Data Mining Final Project
The data mining project involve the application of data mining techniques discussed in class to
one data set. The goal of the project is to go through the full data mining cycle with respect to a
particular data set, including the specification of the business problem to be solved, the
specification of the data mining tasks to be performed, preprocessing and transformation of the
data, application of several data mining methods and the discovery of patterns, evaluation of
patterns, and recommendation of specific actions with respect to relevant findings.
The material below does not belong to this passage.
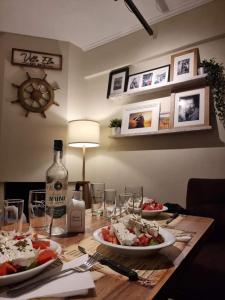 a table with plates of food and a bottle of wine at Seascape Villas Kinira - Elia & Anatoli in Kinira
Please download a Bank Marketing data set (bank.csv) from
http://archive.ics.uci.edu/ml/machine-learning-databases/00222/bank.zip and import the data set
into SAS Enterprise Miner (Please see Appendix A for instructions on how to download the data
set and perform data importation). This data set was collected from a Portuguese bank that used
its own contact-center to do direct marketing campaigns in order to motivate and attract the deposit
clients. The marketing campaigns were based on phone calls. Often, more than one contact to the
same client was required, in order to access if the bank term deposit would be (“yes”) or would
not be (“no”) subscribed. The data set contains 4521 instances and 17 variables (16 input variables
and 1 target variable). Please refer to the bank-names.txt file (downloadable at
http://archive.ics.uci.edu/ml/machine-learning-databases/00222/bank.zip) for a detailed
description of the data set.
Data Mining Final Report (Submitted through the Assignment Submission Folder on
This is a comprehensive description of your project, which should fully describe the work done
for the whole data mining analysis, not just the end results. Often, the whole data mining analysis
may iterate the data mining processes several times, not just one-shot. The process may include
data preparation, data exploration and preprocessing, data mining methodologies, results analysis,
conclusions, lessons learned and so on. Therefore, presenting merely the SAS Enterprise Miner
output report will receive a very low score for the report. You should demonstrate your work
using not only textual descriptions but also detailed screen shots in your report. The project final
report should include the following:
1. Cover page: your name, project name, and source of the dataset.
2. Objectives: Clear statement of objectives of the data mining project; the problem that you are
investigating and summarize your goals for this project.
3. Data preparation: Discussion of the structure and characteristics of the data.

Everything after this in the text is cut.